I searched high and low for a Delorean that I could get into….not physically; although most who have head the pleasure of meeting me in person knows that like my corvettes this is a car I’ll “put on” and not get in. I found one less than 5 miles from me that had been sitting for 12-13 years. The owner and I struck up a relationship, and I kept it on the “down low” keeping other like minded buyers away from it. After months of talking and even negotiations, I thought I would go ahead and buy it.

I agonized for weeks on whether to drop the coin on this car. Could I afford the repairs and restoration? How bad would it be? I am not a mechanic, nor am I ignorant however I was indecisive. Then one night at dinner at a horrible shitty chinese buffet, I told my wife, with sadness in my heart and eyes, that I was going to pass on the Delorean. Wait till I had more money and could get a better car. Then I opened a fortune cookie and this fell out:

The Fortune

After opening and reading the Jesus like message, I nearly shit myself!  I changed my mind, and went to the owner’s office the next day and we hammered out a deal to bring it home. What’s the luck? I have always been rather fortunate in life, and have had some challenges here and there and most were because I didn’t act fast enough on something or too soon. There was no doubt this time……it was coming home. For now.
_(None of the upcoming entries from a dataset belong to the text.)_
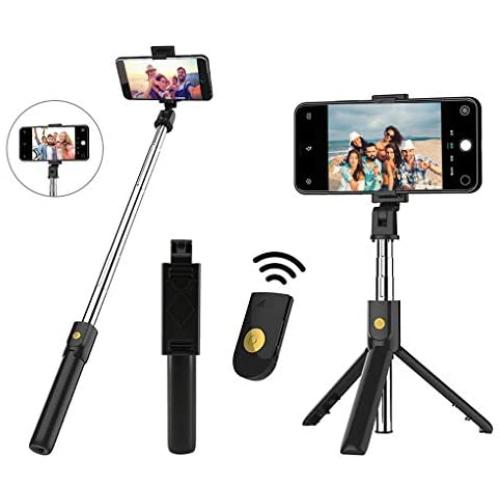 Selfie Stick Tripod- Bluetooth Wireless Remote Shutter Tripod, Mini Extendable Aluminum Cell Phone Stand, 270° Rotation Portable Monopod Compatible with iPhone and Android Smartphone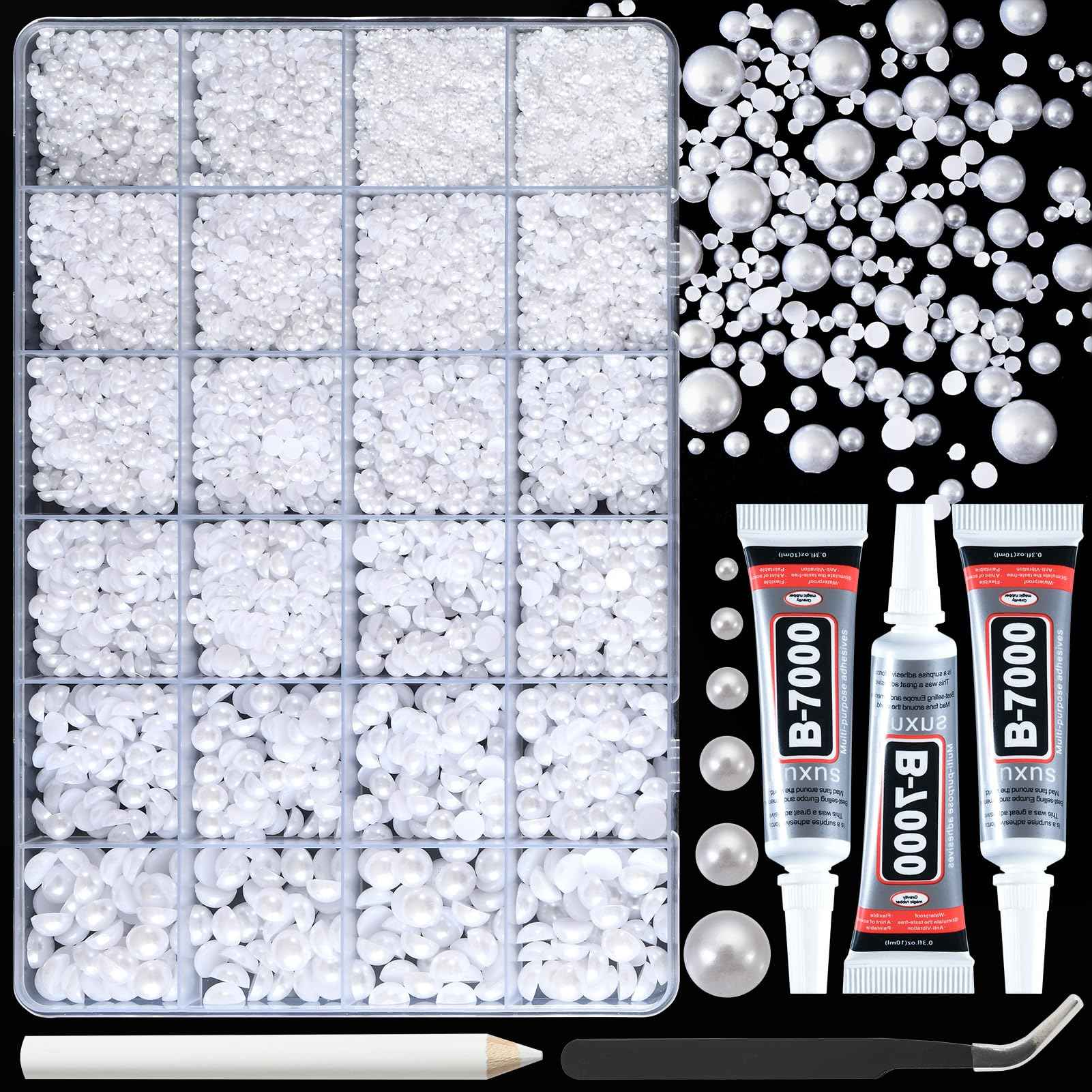 OPMADM 14000 Pcs Flat Back Pearls for Crafting with B7000 Glue White Half Pearl Beads for Jewelry Making Beads for Nails Party Face Clothes Shoe Balloon Birthday Decorations Cup DIY 2/3/4/5/6/8mm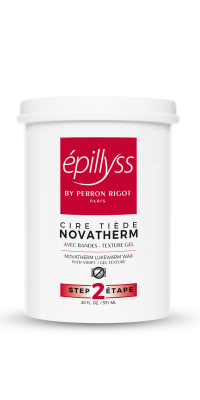 A white 20oz container of Epillyss NovaTherm Wax; with a red label 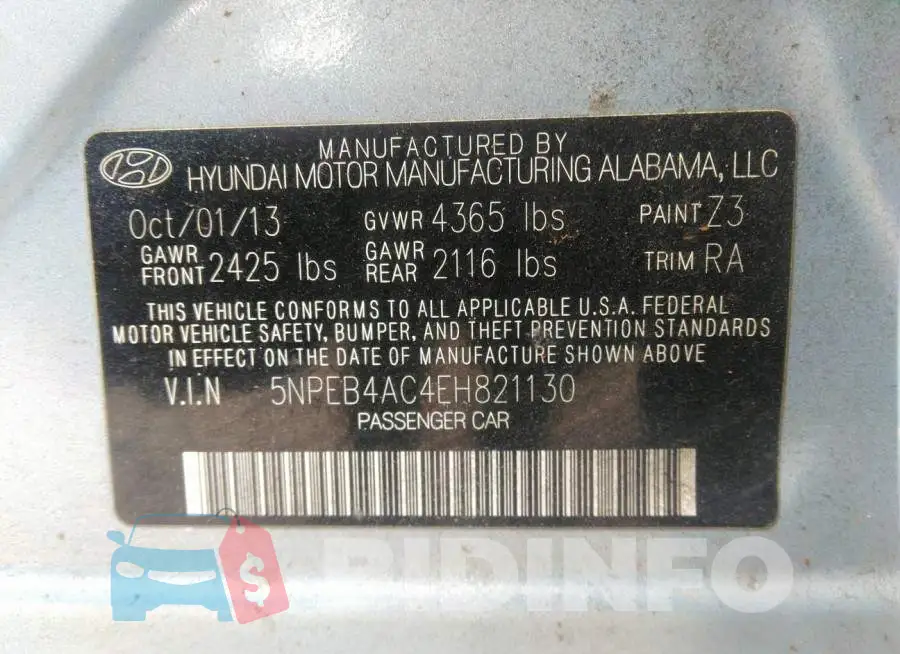 5NPEB4AC4EH821130 Photo# 9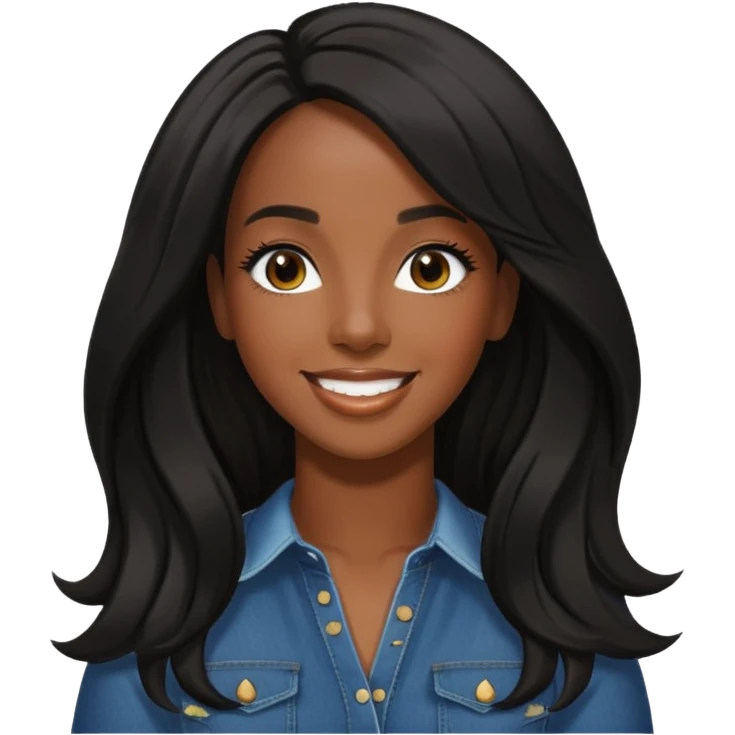 Kelly Rowland with black long hair emoji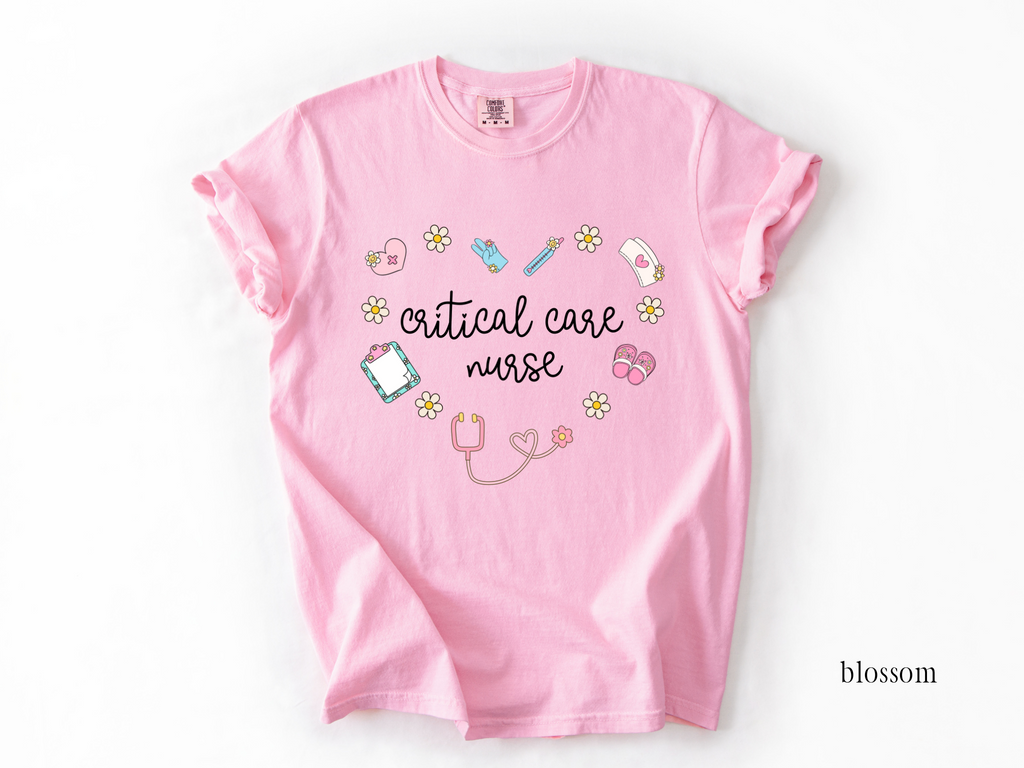 Critical Care Nurse Retro Heart T-shirt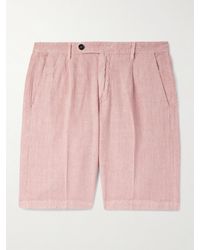 Massimo Alba - Alaccia Straight-Leg Pleated Linen Shorts - Lyst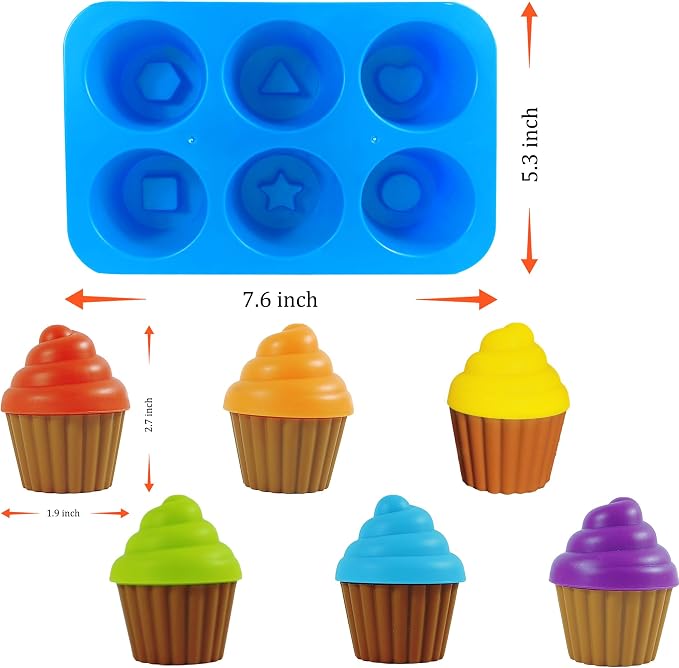 RAINBOW TOYFROG Cupcake Toy Toddler Toy Learning Colors and Shape-Shape Sorting Toys for Toddlers-Geometry Manipulatives Toddler Sensory Toys for Kids - Child Montessori Toys for Girls Boys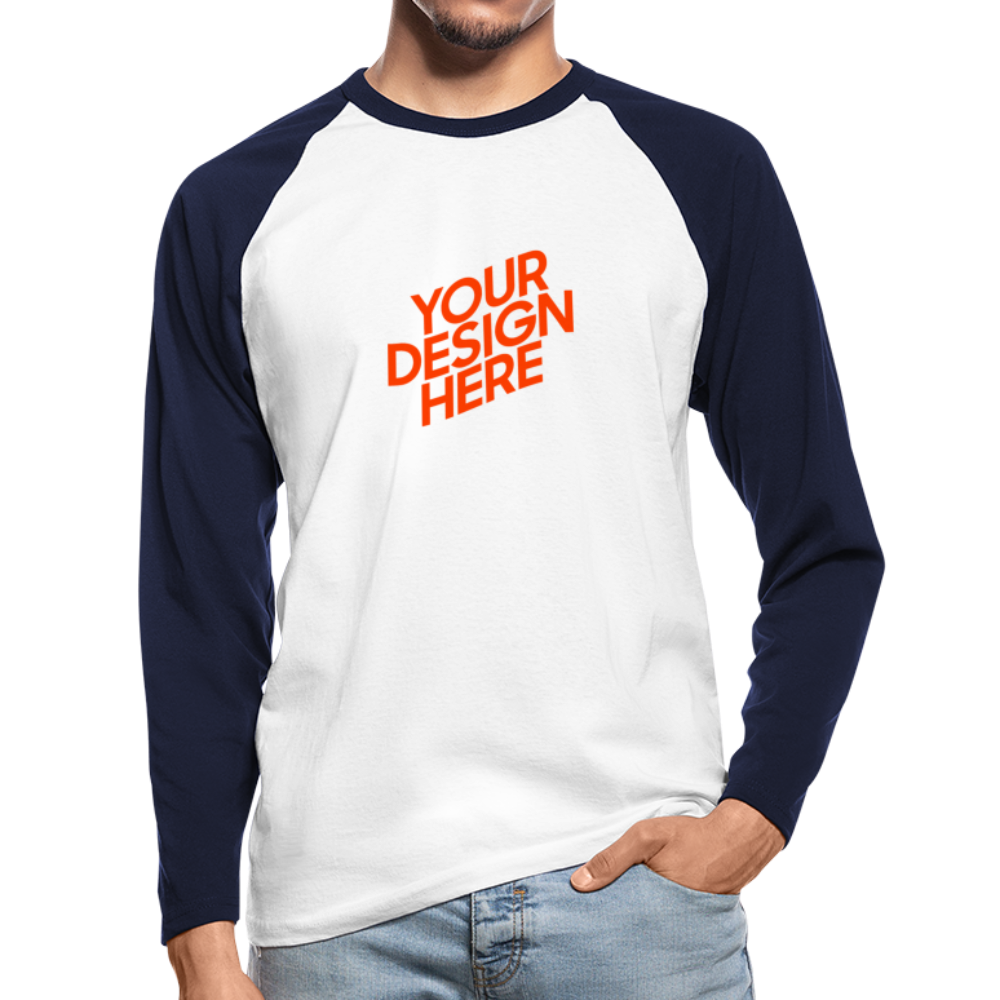 Langarm Baseball T-Shirt Herren/Männer selbst gestalten und bedrucken - Weiß/Navy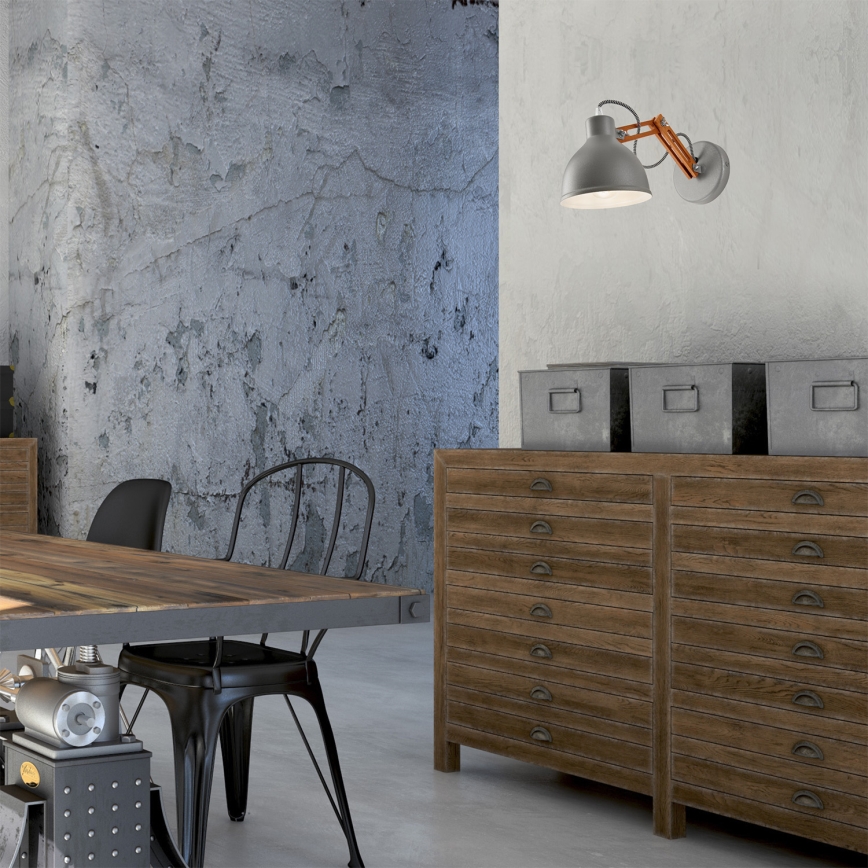 Applique murale MARCELLO 1xE27/60W/230V hêtre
His big concern was getting it off his driveway. He was the original owner but hadn’t touched it in 12 years, and his wife had had enough of it. So with four dryrotted tires, and 1/2 tank of once gasoline now varnish, a sun burnt and ruined interior. We flat bedded it to my garage so it could sit there just a little longer. But not for too long.

Coming Home

Here she is “moving” for the first time in 12 years.